L'UE dispose d'une capacité de rétorsion chiffrée à 93 milliards d'euros d'importations américaines, un levier déjà voté par le Parlement européen dans le cadre de l'accord de Turnberry.
L'enjeu budgétaire derrière la stratégie
Au delà de la politique commerciale, l'administration fait face à un trou budgétaire considérable. L'invalidation des tarifs IEEPA a créé un manque à gagner estimé à 150 milliards de dollars dans les recettes fédérales. Les tribunaux ont par ailleurs ordonné le remboursement de 130 milliards de dollars aux importateurs américains ayant payé ces droits jugés inconstitutionnels.
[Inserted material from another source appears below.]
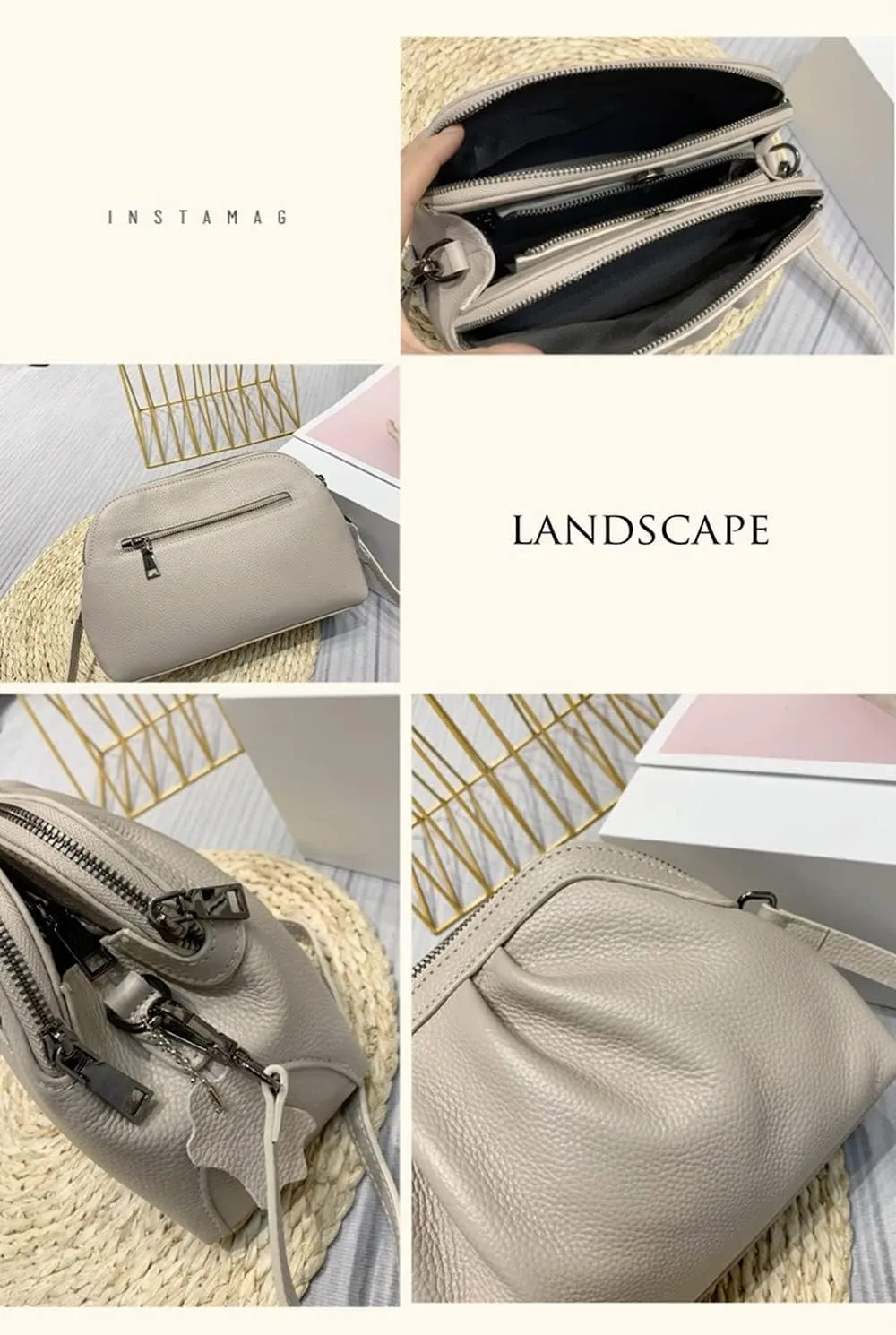 Shell Bag Genuine Leather Women's Unique Shoulder Bags Hobo Handbags Multi-Color Cloud Handbag (Yellow) (Color : Black)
Les enquêtes Section 301 visent donc aussi à reconstituer ces recettes fiscales avant les élections de mi mandat de novembre 2026. Blake Harden, directeur général chez EY à Washington, note que les importateurs font face à une incertitude accrue, avec des risques de « double périmètre » : certains secteurs pourraient être soumis simultanément aux enquêtes Section 232 (sécurité nationale) et Section 301.
Les marchés sous pression
Les marchés financiers ont intégré ces nouvelles tensions commerciales dans un contexte déjà fragilisé. Le S&P 500 a touché son plus bas de l'année 2026 le 13 mars, clôturant à 6 672,62 points en baisse de 1,5 %. L'indice affiche désormais un recul de plus de 5 % par rapport à son sommet de janvier et enregistre sa première série de trois semaines consécutives de pertes en un an.
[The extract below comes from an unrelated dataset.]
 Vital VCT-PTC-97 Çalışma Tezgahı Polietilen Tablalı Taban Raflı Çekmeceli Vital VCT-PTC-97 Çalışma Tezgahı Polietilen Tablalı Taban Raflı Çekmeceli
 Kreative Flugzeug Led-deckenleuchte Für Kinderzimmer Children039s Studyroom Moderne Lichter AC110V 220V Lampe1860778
Neuf des onze secteurs majeurs ont terminé dans le rouge. Les entreprises les plus exposées au commerce international subissent les plus fortes pressions : Walmart, Target, Tesla, Apple et NVIDIA figurent parmi les valeurs pénalisées. À l'inverse, les producteurs domestiques comme U.S. Steel, Nucor, First Solar, Ford et General Motors bénéficient de la perspective protectionniste.
Ce qu'il faut surveiller
Plusieurs échéances détermineront l'évolution de cette offensive commerciale dans les semaines à venir.
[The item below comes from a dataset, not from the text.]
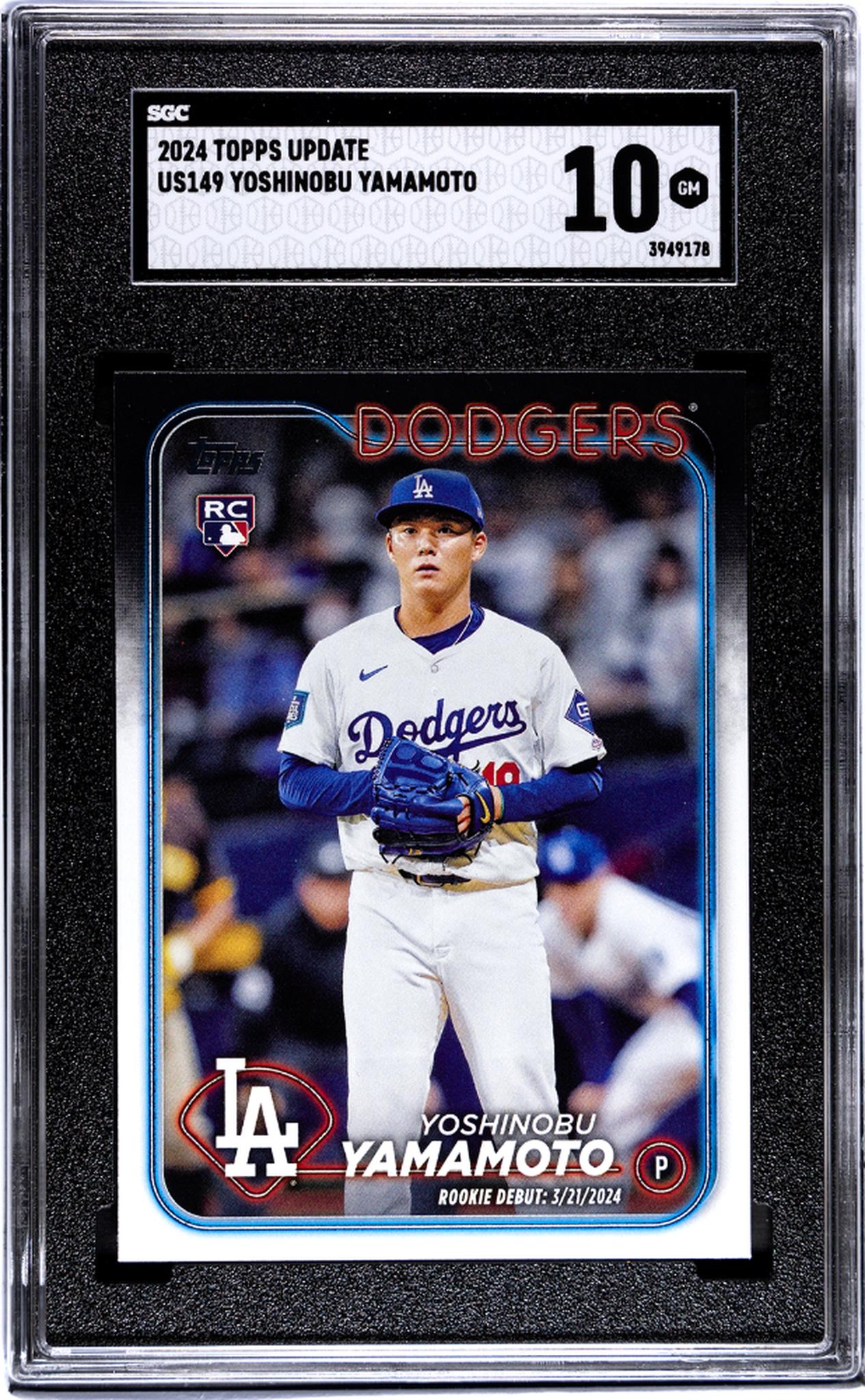 2024 Topps Update #US149 Yoshinobu Yamamoto SGC 10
- 15 avril 2026 : date limite de dépôt des commentaires publics sur l'enquête travail forcé
- 28 avril 2026 : début des audiences publiques sur le travail forcé
- 5 mai 2026 : début des audiences publiques sur la surcapacité industrielle
- 24 juillet 2026 : échéance pour la finalisation des conclusions et l'imposition de nouveaux droits
- Novembre 2026 : élections de mi mandat aux États Unis, toile de fond politique de cette stratégie
Pour les épargnants et investisseurs français, les implications sont directes. L'inclusion de l'UE dans les deux enquêtes expose les entreprises exportatrices européennes à de nouveaux droits de douane potentiels. Les secteurs de l'acier, de l'aluminium, des semi conducteurs et des batteries de véhicules électriques sont particulièrement ciblés. La capacité de l'UE à négocier un accord commercial durable avec Washington dépendra en grande partie de sa volonté d'activer ses propres leviers de rétorsion.